With his role as the Wonderful Wizard of Oz in the hit Broadway musical Wicked, JOEL GREY recently celebrated 50 years on the New York stage - from performances at the legendary Copacabana on East 60th Street to The Palace on Broadway, from the Public Theatre downtown to Lincoln Center uptown. In a career that was launched in the early 1950s (although his theatrical debut was at age 9 as Pud in the 1941 Cleveland Playhouse production of On Borrowed Time), Grey has created indelible stage roles each decade since: as the iconic M.C. in Cabaret (1966, Tony Award), as song and dance man George M. Cohan in George M! (1967, Tony nomination), as Charley VII in Goodtime Charlie (1975, Tony nomination), as Jacobowsky in The Grand Tour (1979, Tony nomination), as Olim in New York City Opera's Silverlake (1981), as Amos Hart in the landmark revival of Chicago (1996), and in Wicked (2004) - his fourth smash Broadway show.
Born Joel David Katz, April 11, 1932, Joel Grey has won acclaim in virtually every medium of entertainment: stage, screen, recording, concerts and television. It was at age 16 that Grey appeared in his father's (the comedian Mickey Katz) revue, where he was discovered by Eddie Cantor, who introduced young Joel on his television show "The Colgate Comedy Hour."

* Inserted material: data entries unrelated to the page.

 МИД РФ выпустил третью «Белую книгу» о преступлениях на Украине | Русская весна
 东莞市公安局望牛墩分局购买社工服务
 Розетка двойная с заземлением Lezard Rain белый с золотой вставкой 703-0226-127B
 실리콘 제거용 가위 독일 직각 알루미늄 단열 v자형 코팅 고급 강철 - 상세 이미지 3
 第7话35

Following a sensational debut in Cabaret, Grey recreated his role in the 1972 film version (directed by Bob Fosse), for which he received the Academy Award, the Golden Globe, and the British Academy Award for Best Supporting Actor. Grey also reprised his role once again under Hal Prince's direction for the 20th-anniversary Broadway production (1987), followed by a cross-country national tour.

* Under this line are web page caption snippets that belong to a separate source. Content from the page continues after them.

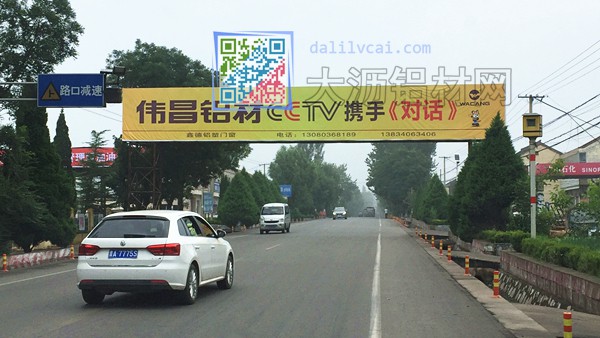 晉城偉昌鋁材楊愛慶：貴在堅持、勝在落地，精耕市場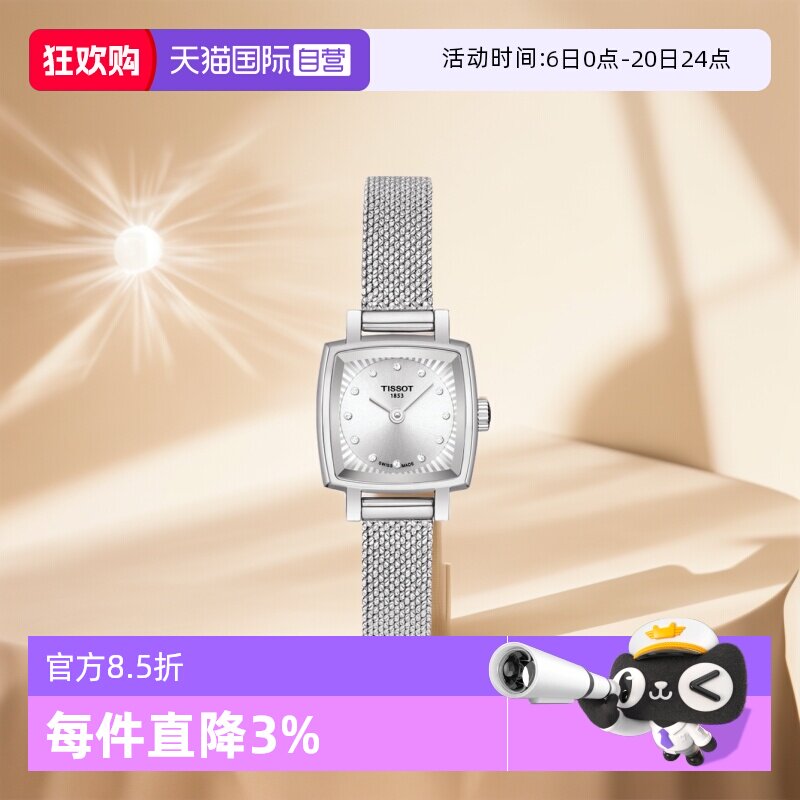【自营】Tissot天梭小可爱系列小方表女士石英表礼盒装瑞士进口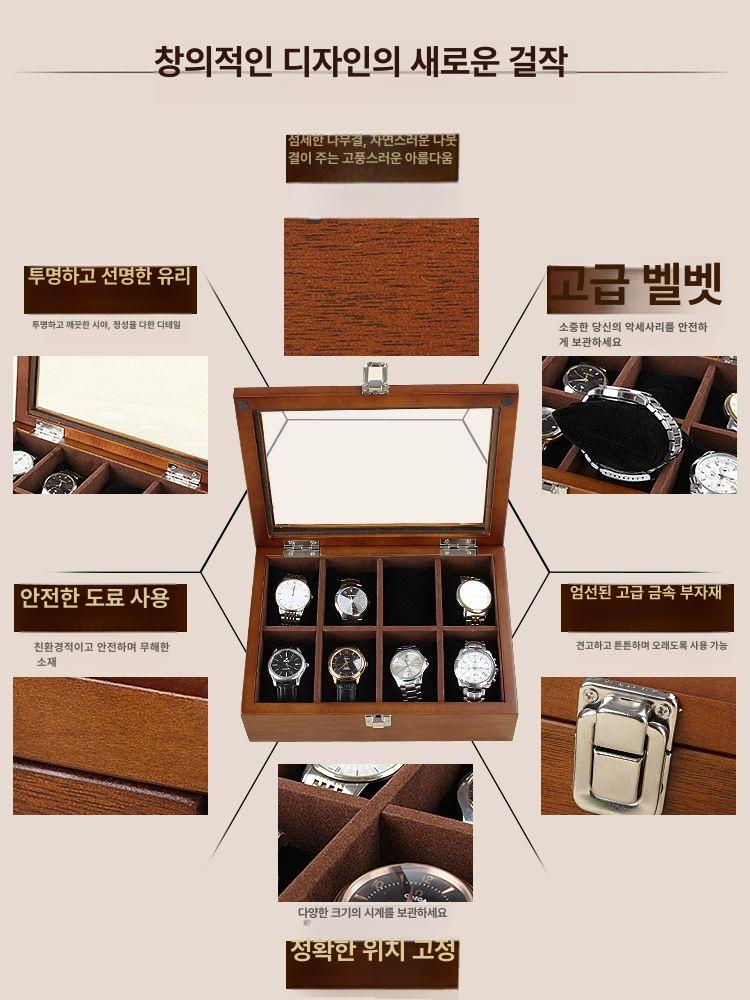 고급 시계 보관함 원목 시계함 디스플레이 케이스 8칸 월넛 - 상세 이미지 3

Joel Grey's dramatic stage roles include the American Repertory Theatre's production of Ibsen's When We Dead Awaken (1991) at the Sao Paulo Biennale, directed by Robert Wilson, and the Roundabout Theatre production of Brian Friel's Give Me Your Answer, Do! (1999), for which he received a Drama Desk Award nomination.

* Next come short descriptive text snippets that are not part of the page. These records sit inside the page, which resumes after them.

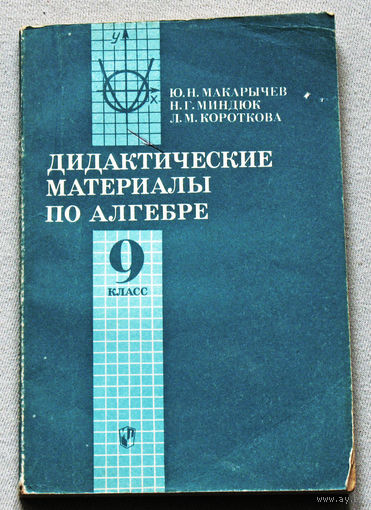 Дидактические материалы по алгебре 9 класс.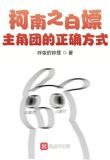柯南之白嫖主角团的正确方式
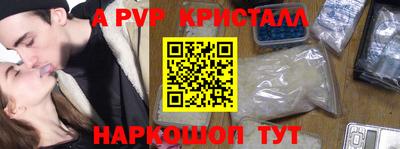 спайс Свободный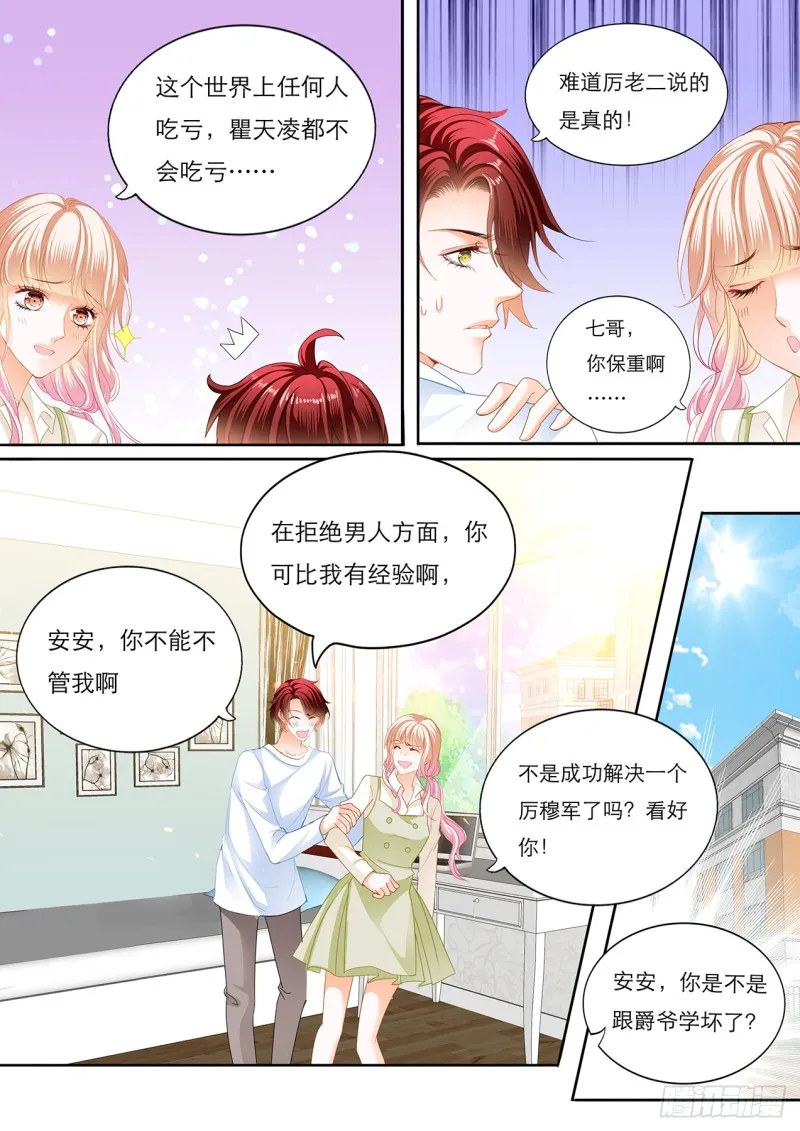 瞿哥的表白 第7页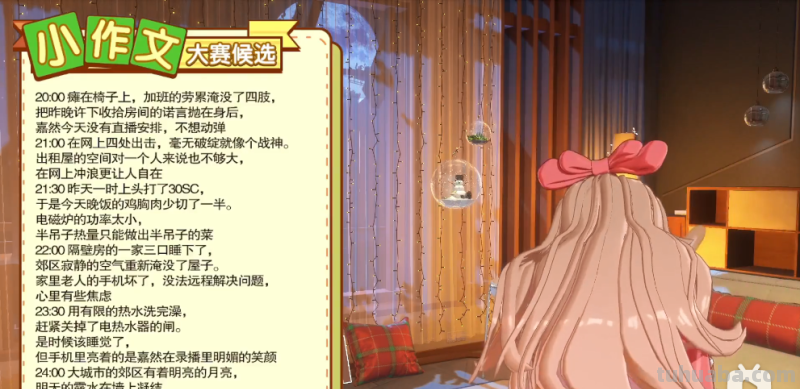 娱乐圈的火，会烧到虚拟偶像身上吗？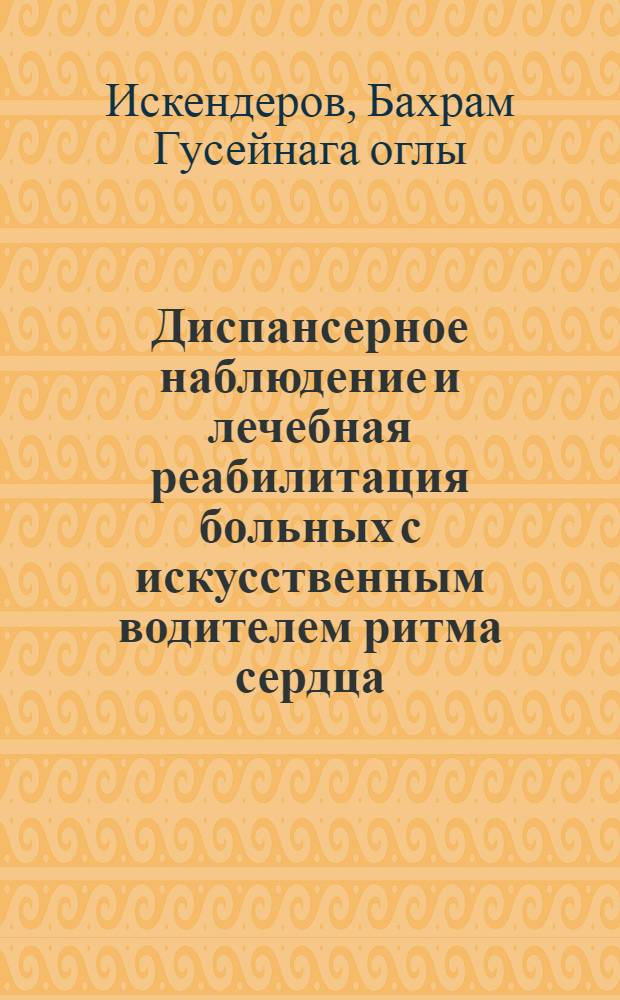 Диспансерное наблюдение и лечебная реабилитация больных с искусственным водителем ритма сердца : автореферат диссертации на соискание ученой степени д.м.н. : специальность 14.00.06 : специальность 14.00.05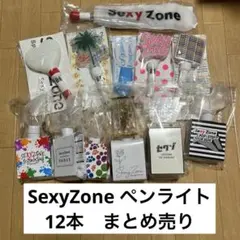 sexyzone アイドル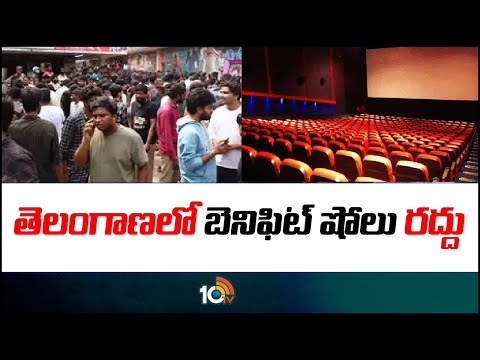 No More Benefit Shows in Telangana | తెలంగాణలో బెనిఫిట్ షోలు రద్దు | 10TV News - 10TVNEWSTELUGU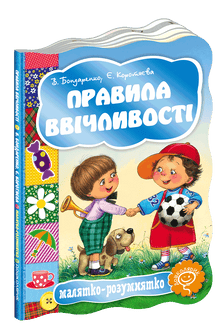 Rules of politeness (Ukrainian Edition)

In addition to Cabaret, Grey's film credits include Frank Perry's Man on A Swing (1974); Robert Altman's Buffalo Bill and the Indians (1976); Herbert Ross' The Seven Percent Solution (1976); Remo Williams: The Adventure Begins (1985, Golden Globe Nomination); Steven Soderbergh's Kafka (1991); Altman's The Player (1992); Phillip Haas' The Music of Chance (1993); Michael Ritchie's adaptation of The Fantasticks (2000); and Lars von Trier's Dancer in the Dark (2000) with Bjork and Catherine Deneuve.
His television work includes an Emmy Award-nominated appearance on CBS-TV's Brooklyn Bridge, the final six episodes of the HBO series Oz, NBC's Law and Order: Criminal Intent, the ABC series Alias, and a guest-starring turn on Crossing Jordan.
Joel Grey is one of only eight actors to have won both the Tony and Academy award for the same role. In 1984, he was inducted into the Theatre Hall of Fame, and he has received his star on the Hollywood Walk of Fame. He is also the recipient of the Distinguished Artist Award from the Los Angeles Music Center. In 1993, Jacqueline Kennedy Onassis presented Joel with the Municipal Arts Society medal naming him a Living New York Landmark.
Joel is the father of Jennifer and James and the grandfather of Stella.